Everything except the pictures should be printed exactly as it appears in the records.

◆ DATA IN THIS EXERCISE

►

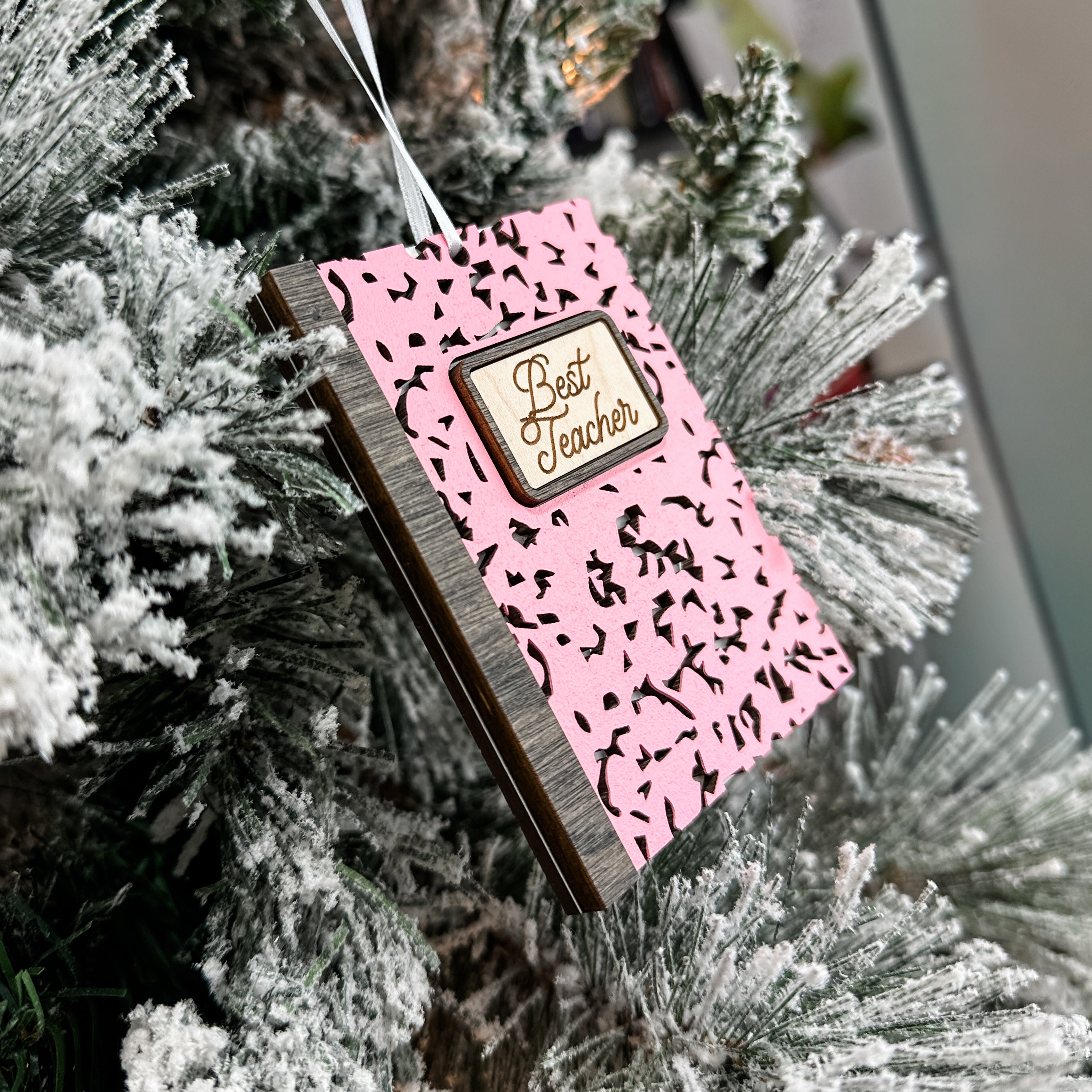 The Notebook Ornament • Personalized 3D Wood Ornament • For Teachers & Students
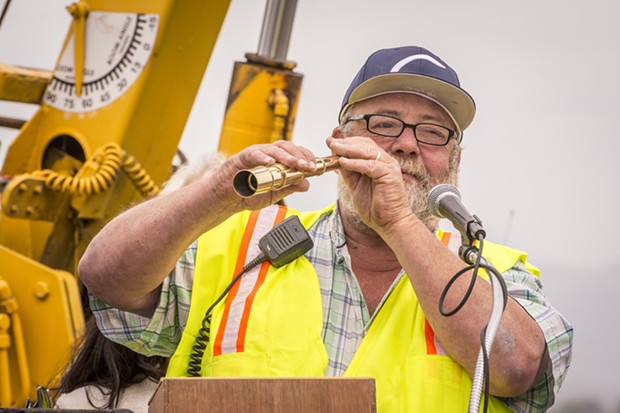 Leroy Zerlang was presented with a brass telescope as a thank-you gift  for his role in the restoration of the Golden Rule prior to its launching on Saturday, June 20 at the Zerlang & Zerlang  boat yard on the Samoa peninsula. - MARK LARSON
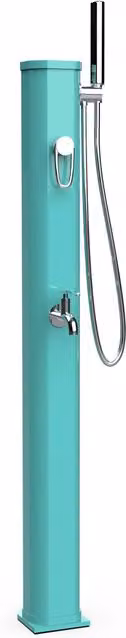 Mini Doccia Solare da Giardino 20L Miscelatore Lavapiedi e Doccetta Verde Opalino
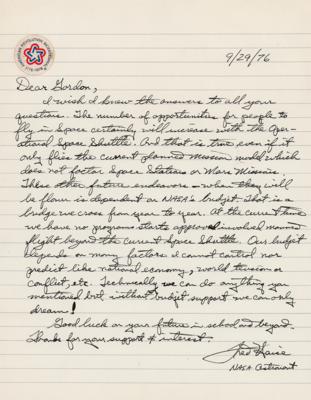 Lot #396 Fred Haise Autograph Letter Signed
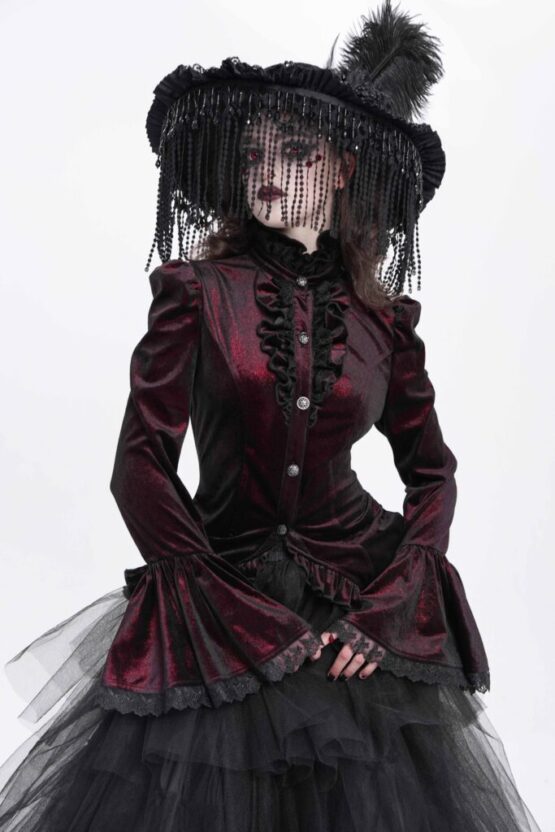 SHT14102 - High Collar Ruffle Tailcoat blouse-red-S - Image 4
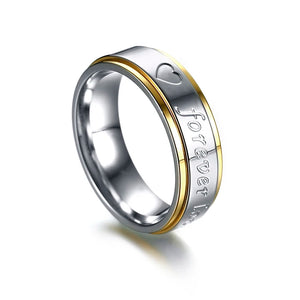 Forever Love Wedding Ring 6mm Stainless Steel Engagement Promise Ring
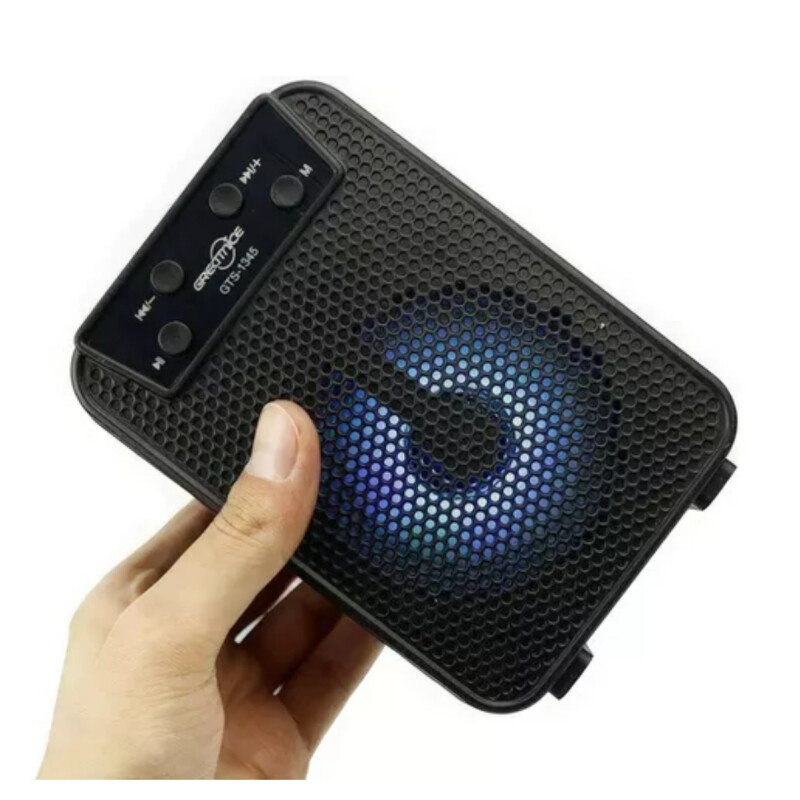Parlante Bluetooth Recargable Con Luz Led De Colores Negro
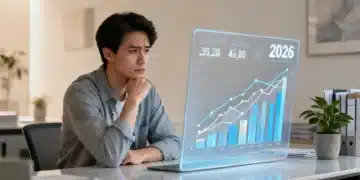 Gestão de Dívidas 2026: Quitação Eficaz e Economia de Juros Pessoa analisando gráficos financeiros digitais, representando a gestão estratégica de dívidas em 2026.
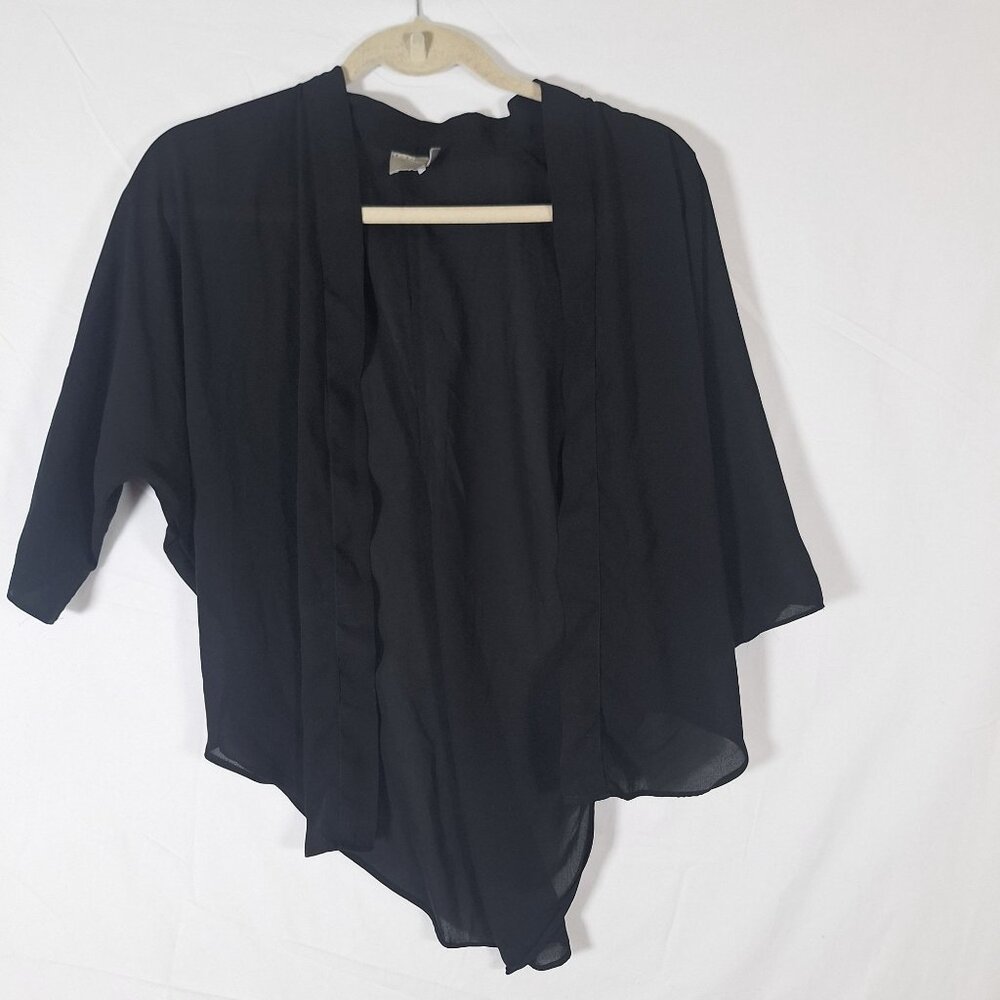 Asos black Shiffon Open Front Shirt size 4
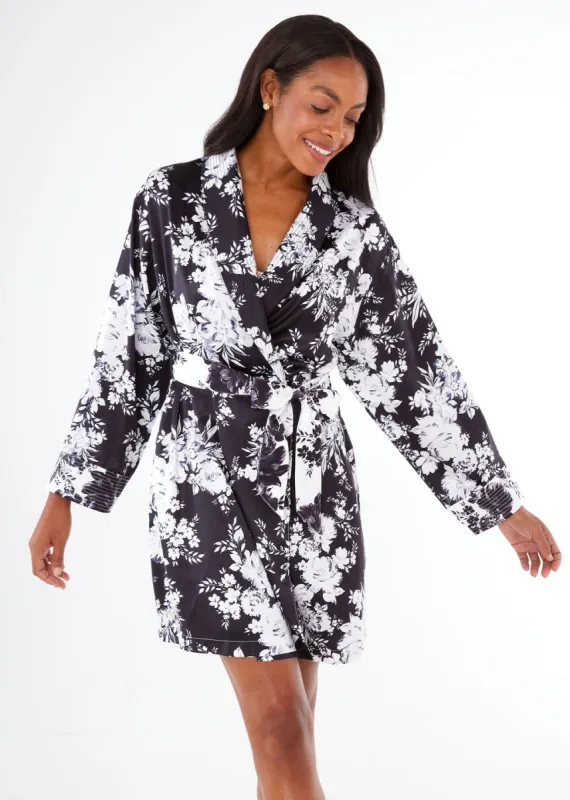 Bridget Robe Short Black and White Rose Chintz Satin sold by Abbey Glass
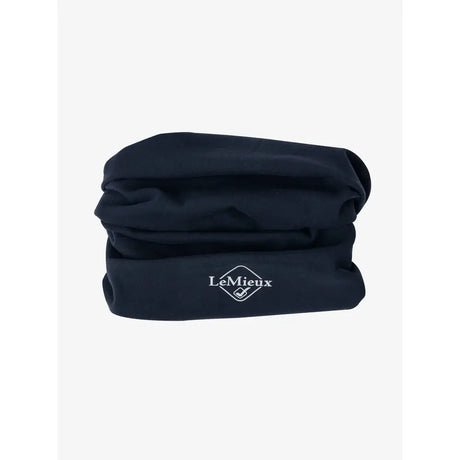 Navy blue lemieux stretch snood with white embroidered logo soft versatile neck covering for outdoor use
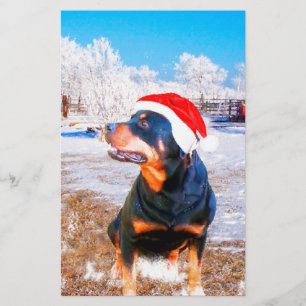 Papeterie Peinture de Noël de chien Rottweiler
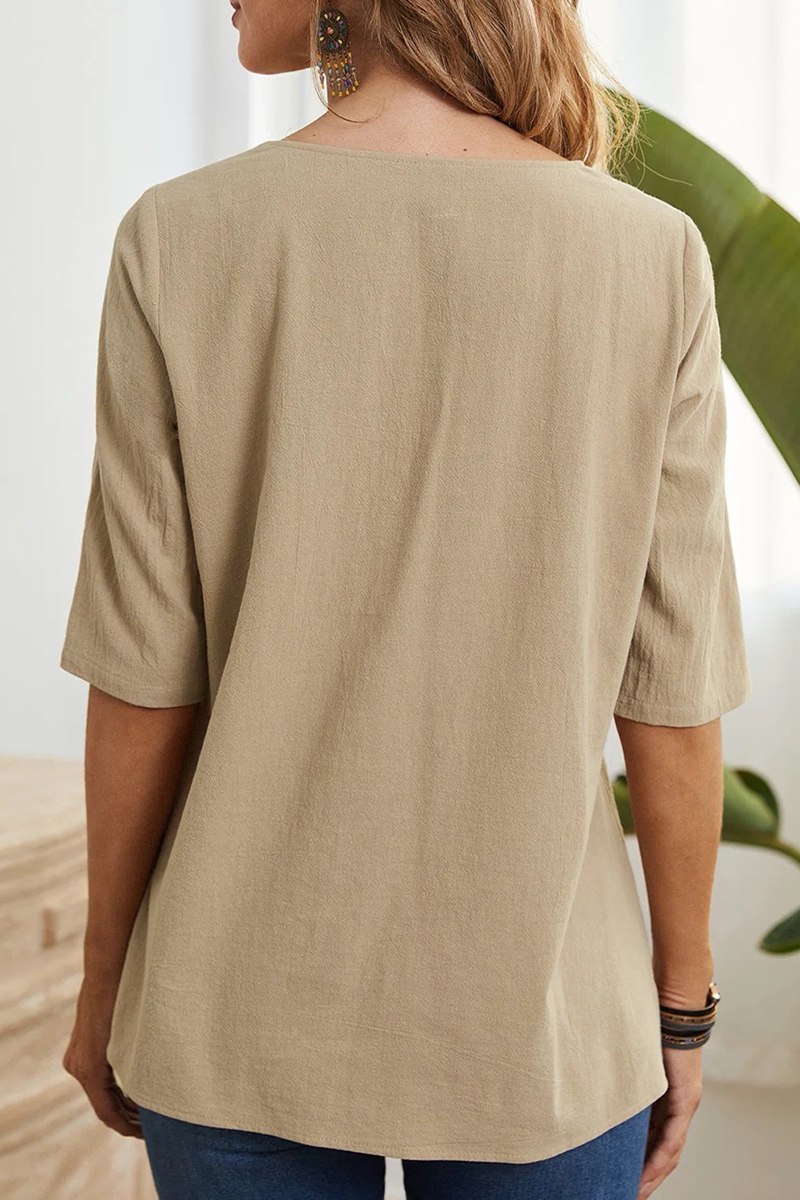 Camisetas casuales lisas con cuello redondo y abertura (6 colores)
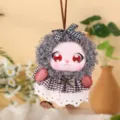 Mignon pendentif de poupée en cosse de haricot, ornement suspendu créatif pour voiture et salon. - Style gousse de pois double - gris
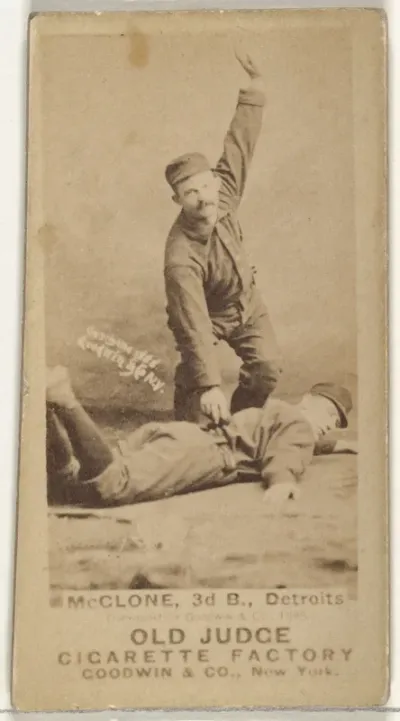 McGlone, 3rd Base, Detroit Wolverines, from the Old Judge series (N172) for Old Judge Cigarettes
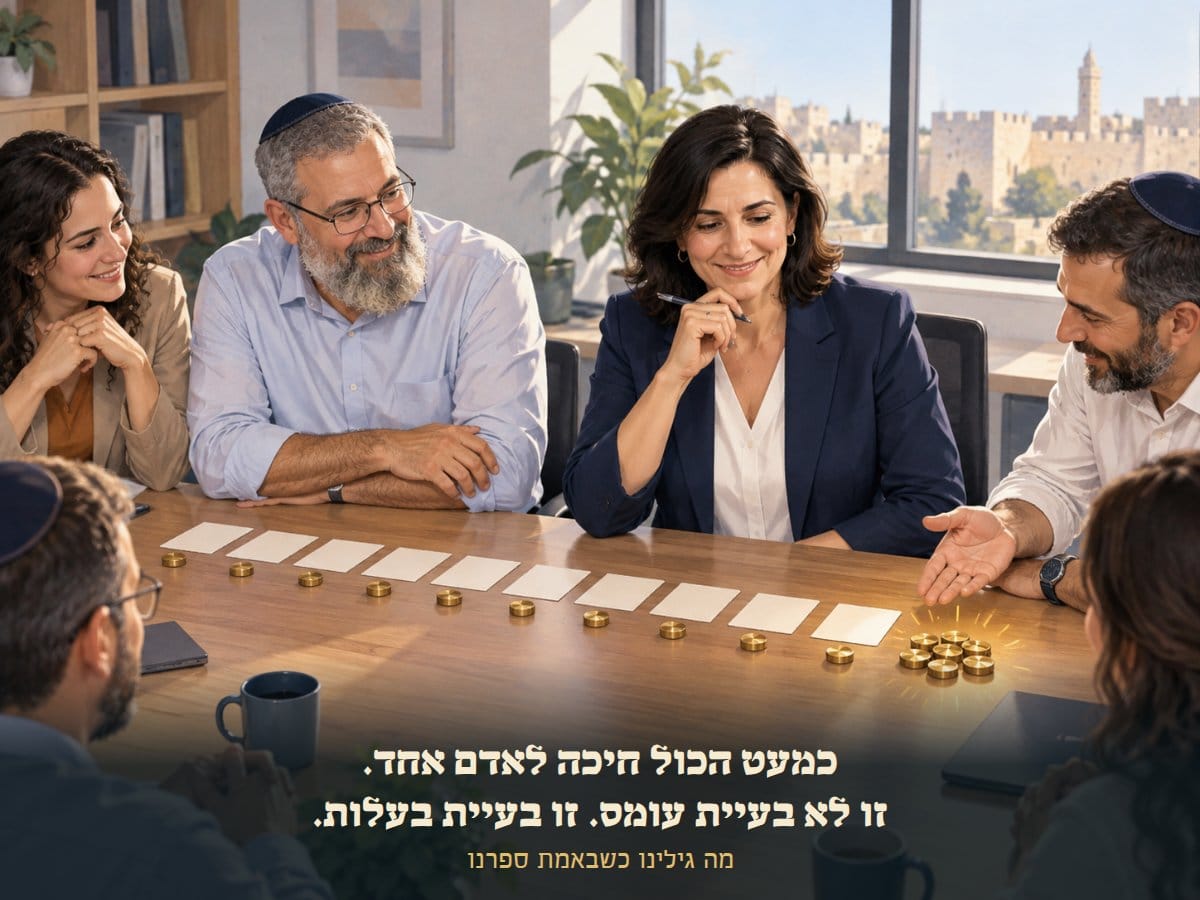 צוות סביב שולחן, וכמעט כל האסימונים התגלגלו לכיסא אחד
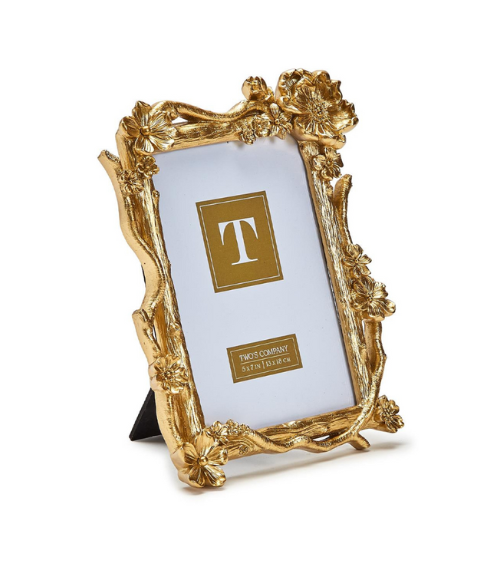 Gold Floral Spray Photo Frame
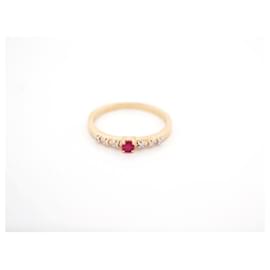 Mauboussin-MAUBOUSSIN CAPSULE OF EMOTIONS YELLOW GOLD RING 18K RUBY & DIAMOND 51 RING-Golden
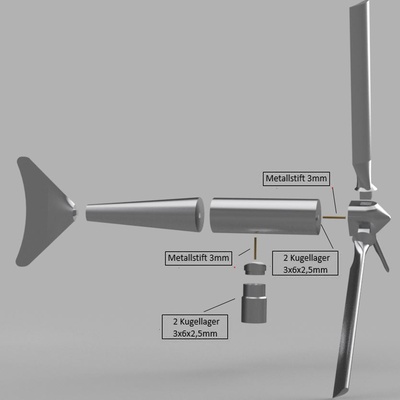 windrad vent sommer rotation fl gel 39 sch nda conduire 3d print model - Mito3D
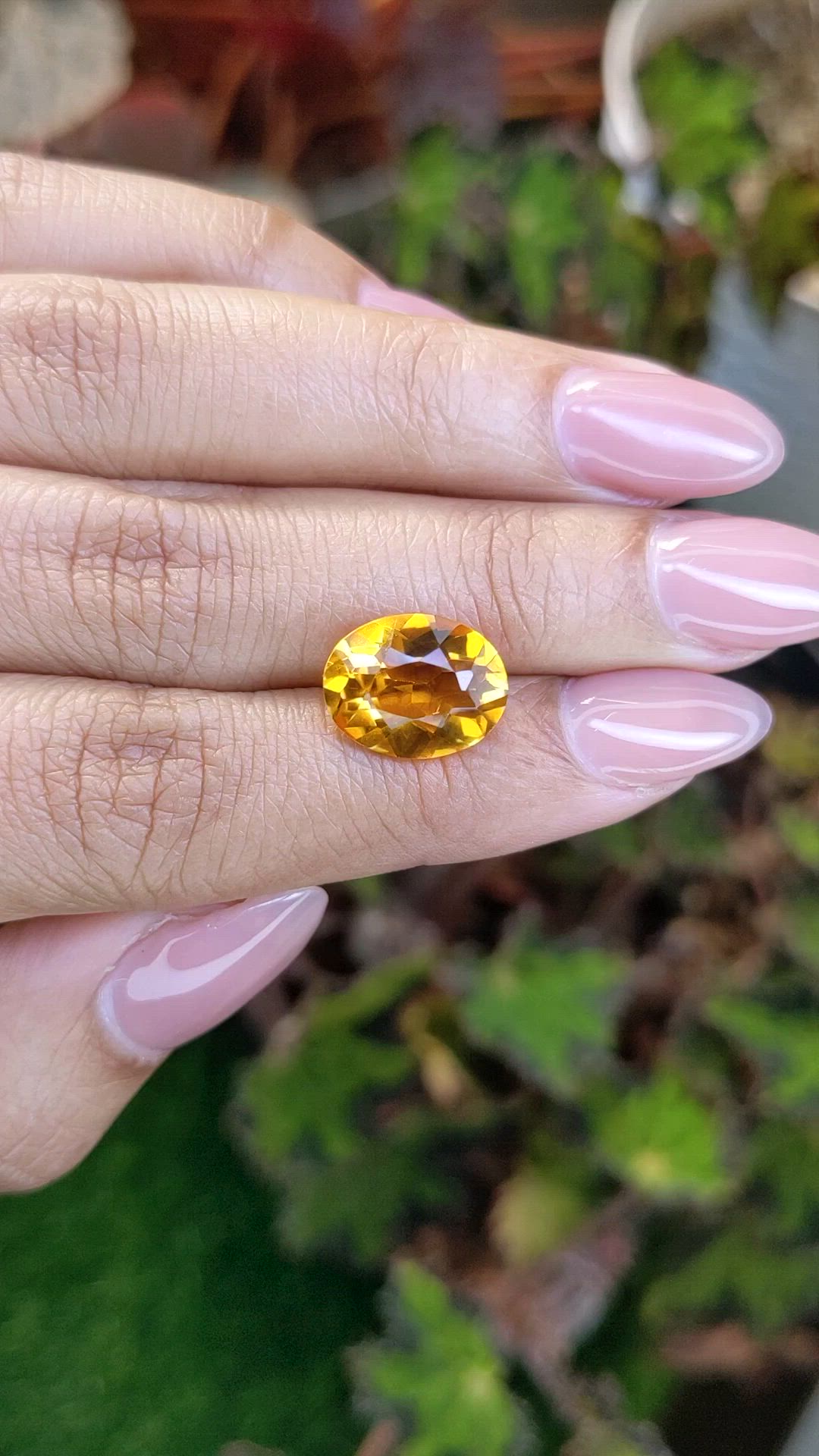 4.71 Ct. Orangish Yellow Citrine from Brazil Size Video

◄

◆ ANSWER TO THE EXERCISE
 The Notebook Ornament • Personalized 3D Wood Ornament • For Teachers & Students
 Leroy Zerlang was presented with a brass telescope as a thank-you gift  for his role in the restoration of the Golden Rule prior to its launching on Saturday, June 20 at the Zerlang & Zerlang  boat yard on the Samoa peninsula. - MARK LARSON
 Mini Doccia Solare da Giardino 20L Miscelatore Lavapiedi e Doccetta Verde Opalino
 Lot #396 Fred Haise Autograph Letter Signed
 SHT14102 - High Collar Ruffle Tailcoat blouse-red-S - Image 4
 Forever Love Wedding Ring 6mm Stainless Steel Engagement Promise Ring
Parlante Bluetooth Recargable Con Luz Led De Colores Negro
 Gestão de Dívidas 2026: Quitação Eficaz e Economia de Juros Pessoa analisando gráficos financeiros digitais, representando a gestão estratégica de dívidas em 2026.
 Asos black Shiffon Open Front Shirt size 4
 Bridget Robe Short Black and White Rose Chintz Satin sold by Abbey Glass
 Navy blue lemieux stretch snood with white embroidered logo soft versatile neck covering for outdoor use
 Papeterie Peinture de Noël de chien Rottweiler
 Camisetas casuales lisas con cuello redondo y abertura (6 colores)
 Mignon pendentif de poupée en cosse de haricot, ornement suspendu créatif pour voiture et salon. - Style gousse de pois double - gris
 McGlone, 3rd Base, Detroit Wolverines, from the Old Judge series (N172) for Old Judge Cigarettes
 צוות סביב שולחן, וכמעט כל האסימונים התגלגלו לכיסא אחד
 Gold Floral Spray Photo Frame
 Mauboussin-MAUBOUSSIN CAPSULE OF EMOTIONS YELLOW GOLD RING 18K RUBY & DIAMOND 51 RING-Golden
 windrad vent sommer rotation fl gel 39 sch nda conduire 3d print model - Mito3D
 4.71 Ct. Orangish Yellow Citrine from Brazil Size Video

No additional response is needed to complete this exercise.